#### [The data]

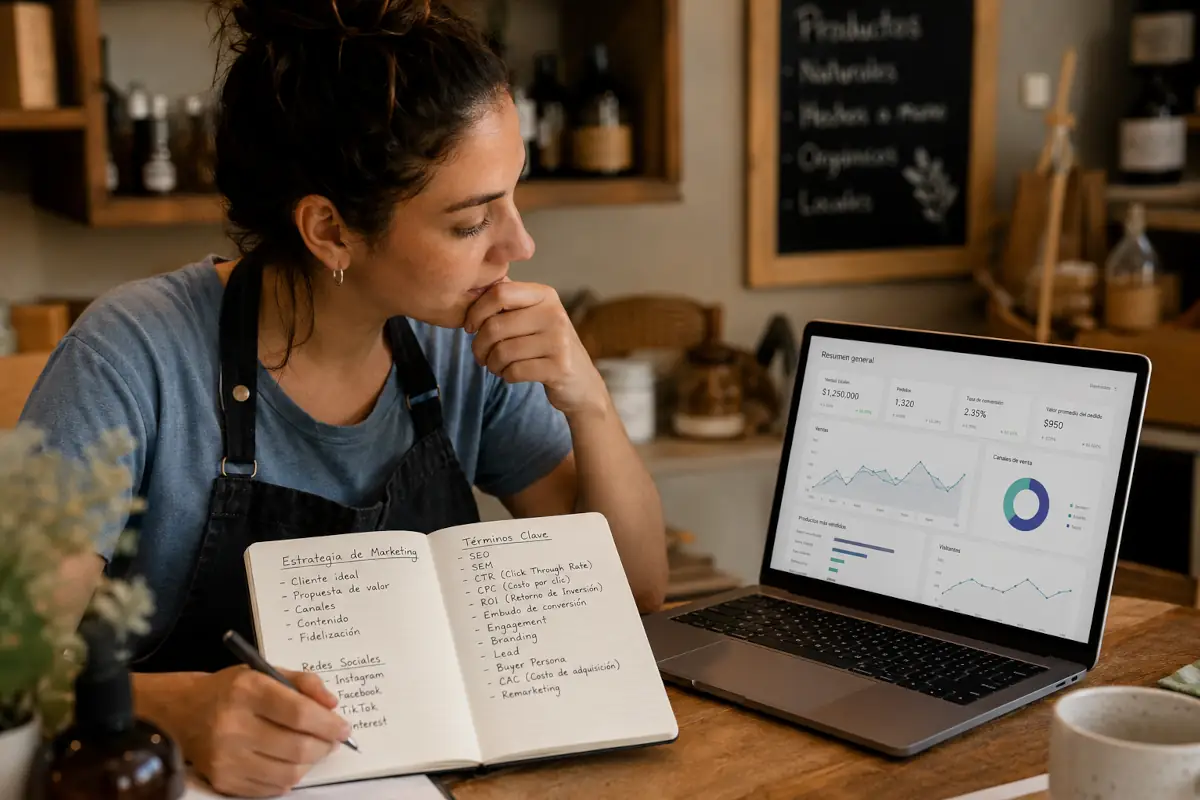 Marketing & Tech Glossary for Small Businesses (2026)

...

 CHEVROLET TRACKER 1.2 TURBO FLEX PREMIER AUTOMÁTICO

--

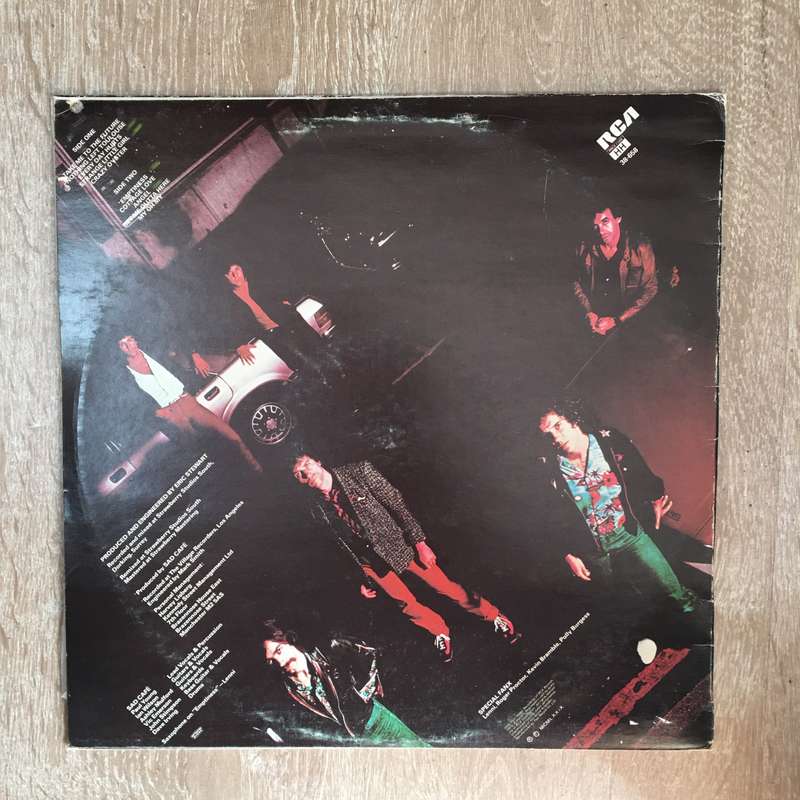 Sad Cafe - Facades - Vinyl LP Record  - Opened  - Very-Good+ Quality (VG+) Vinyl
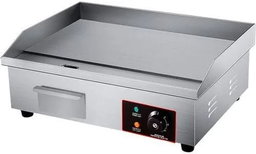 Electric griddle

#### [Assignment]
Lines from the one above containing "Sad Cafe - Facades" down to the one containing "Electric griddle" should be transcribed exactly, with both ends kept and no pictures.

#### [Answer to this exercise]
 Sad Cafe - Facades - Vinyl LP Record  - Opened  - Very-Good+ Quality (VG+) Vinyl
 Electric griddle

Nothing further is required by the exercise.